DATA UNDER STUDY ->
● ● ● ● ● ● ●

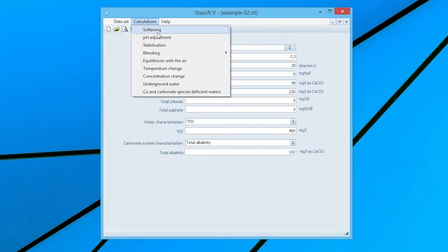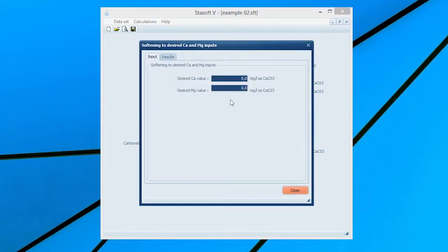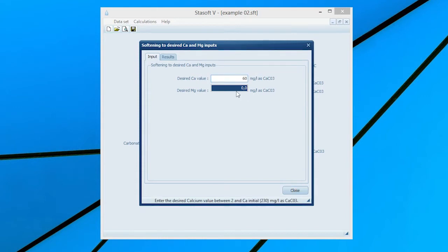Close the window and select Softening and Softening to desired calcium and magnesium values from the Calculations menu. This will bring up the Softening to desired calcium and magnesium inputs window onto the screen. Enter the specified calcium concentration of 60 mg as calcium carbonate by typing 60 into the desired calcium value input box.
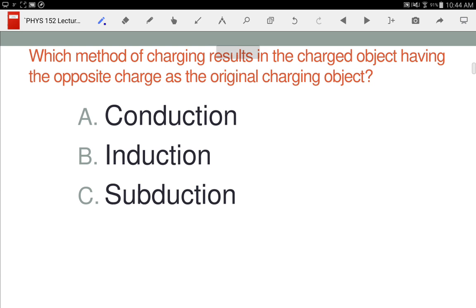Next question: which method of charging results in the charged object having the opposite charge from the original charging object? That is, if I bring a negative rod close to the electroscope, which charging method is going to make the electroscope have a positive charge? Talk about why you came up with your answers.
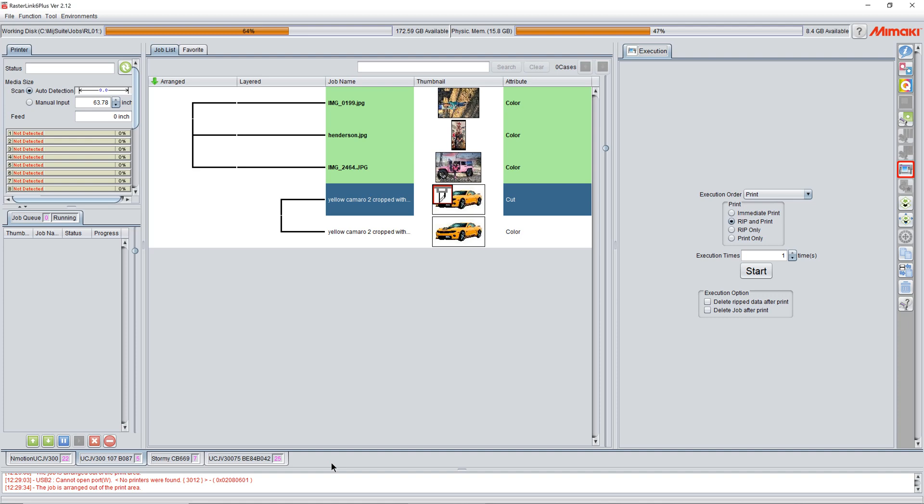So let's say you got a job that you really do want to cut the kiss first and the perf second. You want to stay in Rasterlink. Now we've also got the option to do this in fine cut. We'll cover that in another video.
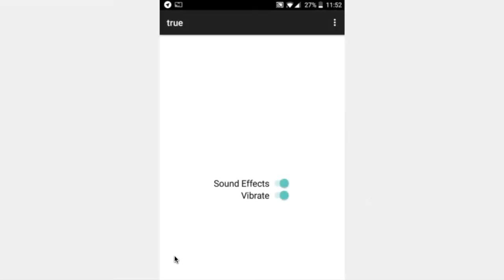Hello, welcome to another Thunkable Tip. My name is Donal and in this video we're going to build a settings application.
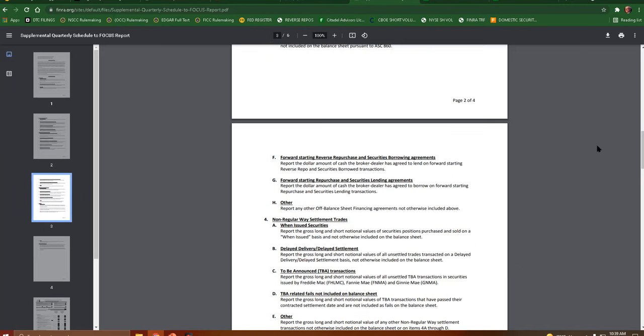Forward starting reverse repurchase and securities borrowing agreements report the dollar amount of cash the broker dealer has agreed to lend on forward starting reverse repo and securities borrowed transactions. Forward starting repurchase and securities lending agreements report the dollar amount of cash the broker dealer has agreed to borrow on forward starting repurchase and securities lending transactions.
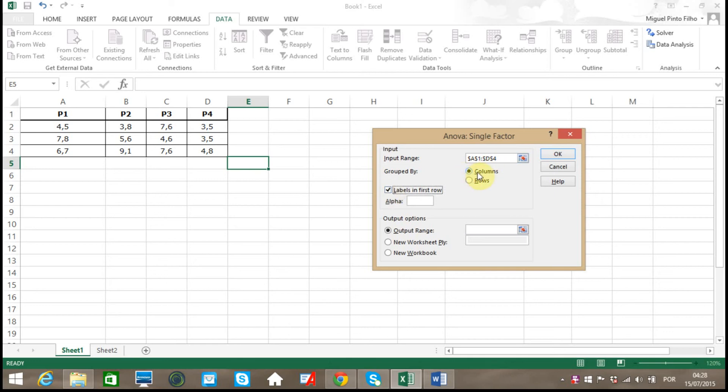My data is grouped by columns. If you decide to group by rows, you have to check the second box. For alpha level, let's choose 0.05, which is a pretty common value for this type of hypothesis testing.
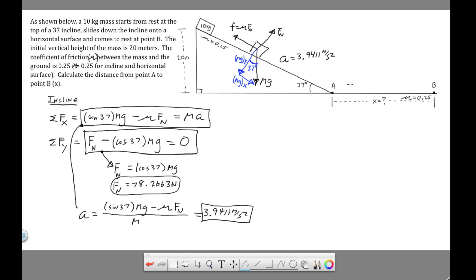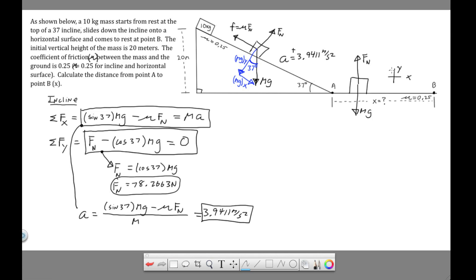Now we need to find the acceleration of the block when it's on the level surface from A to B. The acceleration changes because coming off the hill it goes from a positive acceleration — in the direction of motion — to a negative acceleration, because from A to B the block slows down. Starting with a free body diagram for the level surface: we have mg down, normal force up, and friction pointing opposite to motion — that's μ·F_N.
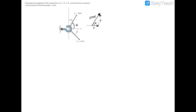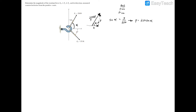Using SOH-CAH-TOA: sine of an angle equals opposite over hypotenuse, cosine equals adjacent over hypotenuse, and tangent equals opposite over adjacent. So sine(alpha) equals y over the hypotenuse of 250. Rearranging, y equals 250 sine(alpha).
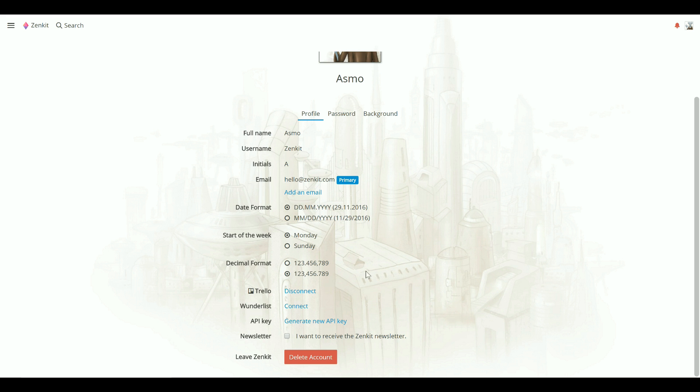You'll also see a few app integrations. Click Connect to log in with your Trello or Wunderlist account. Doing this makes it easier to import your boards and lists later on.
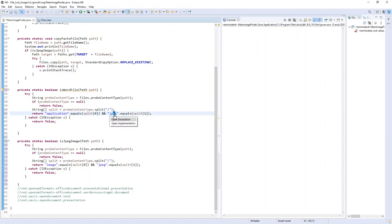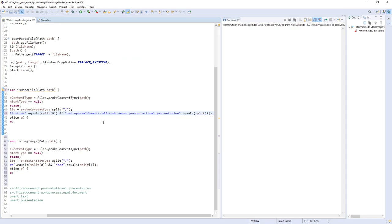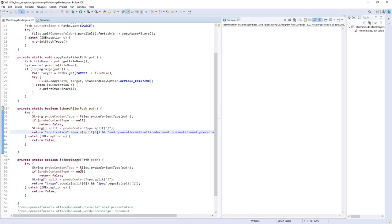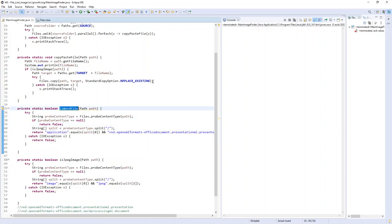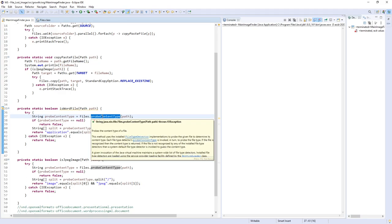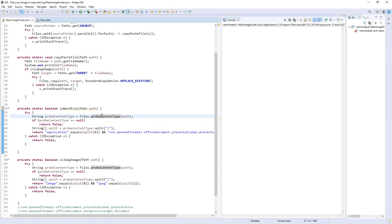For example, here I'm on Windows 10 with Microsoft Office 2016. This value depends on your version, but you can run a simple program using the probeContentType static method and do some reverse engineering to determine the probeContentType result value.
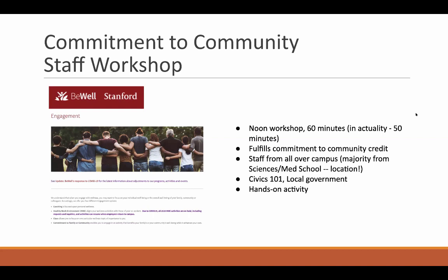I cover basically a Civics 101 for local government and keep the hands-on activity. While it's a 60-minute workshop, in actuality it's 50 minutes — because it's sandwiched in between most people's workdays, people come in 5–10 minutes late and need to leave 5–10 minutes early. So I've scoped the content to fit into 50 minutes, and if you're building a workshop like this, be mindful of how people need to move in and out to accommodate their schedules.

● ● ● ● ● ● ●

Print, exactly, each line above from the one with "Using SOH-CAH-TOA: sine" to the one with "You'll also see", end lines included. Leave pictures out of it.

SOLVED PROBLEM ->
Using SOH-CAH-TOA: sine of an angle equals opposite over hypotenuse, cosine equals adjacent over hypotenuse, and tangent equals opposite over adjacent. So sine(alpha) equals y over the hypotenuse of 250. Rearranging, y equals 250 sine(alpha).
You'll also see a few app integrations. Click Connect to log in with your Trello or Wunderlist account. Doing this makes it easier to import your boards and lists later on.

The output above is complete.